To alleviate these shortcomings we could revert to passing chunks of indexed text to the model so we know where any extracted skills come from. Secondly we can introduce an initial filtering step to avoid leading the model to predict skills in sentences where there aren’t any. The described prompt chain might look like this:
We can implement this prompt chain by adding another function to tools
that will check if each sentence contains skills returning either true
or false
:
tools.append({"type": "function",
"function": {
"name": "skills_check",
"description": "Report if text contains mention of skills.",
"parameters": {
"type": "object",
"properties": {
"skills_check": {
"type": "boolean",
"description": "True or False",
},
},"required": ["skills_check"],
},
}, })
100%|███████████████████████████████████████████████████████████████████████████████████████████████████████████████████████████████████████████████████████████████████████████████████████████████████████| 150/150 [00:50<00:00, 2.96it/s]

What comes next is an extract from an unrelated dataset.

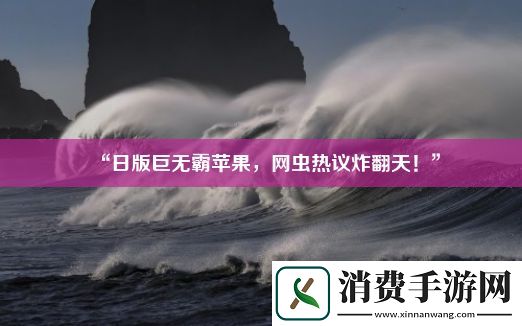 “日版巨无霸苹果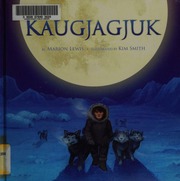 Kaugjagjuk Lewis Marion 1975 Flaherty Louise Christopher Neil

The above prompt chain generates the following much smaller set of skills that appear to be lifted directly from the text rather than paraphrased. However these skills perhaps more accurately track the tone of the discussion:
start | end | skills | |
---|---|---|---|
0 | 9:12 | 9:46 | [hire and fire] |
1 | 16:26 | 16:58 | [know the difference, maturity, put in some hard thought] |
2 | 19:38 | 20:08 | [ask the right questions, work as efficiently] |
3 | 20:40 | 21:09 | [work quickly, work... accurately] |
4 | 21:09 | 21:38 | [fast, efficient, careful, accurate] |
5 | 28:21 | 28:52 | [organizing and detailing, put together a neat\nspreadsheet, balance a quantities with qualities] |
6 | 28:52 | 29:22 | [understand codes, spec things accurately and carefully, communicate with\nc, bring in new clients, locate and lure in new clients] |
7 | 31:24 | 31:54 | [work quicker, understanding of efficiency] |
8 | 37:26 | 37:54 | [see significant projects through all the way] |
9 | 1:02:37 | 1:03:14 | [overcome any obstacle, naive, optimistic] |
Conclusion
In this blog post we share experimentation and results that are consistent with some of the emerging trends observed around large language models including their outperforming of task-specific models on a range of fine-grained NLP tasks through fine-tuning. However this shift in model architecture preference comes with numerous tradeoffs from differences in financial costs to MLOps considerations. Skills extraction may be a well-explored task in NLP yet it continues to offer another dimension through which to measure the performance of different ML models across open and closed source.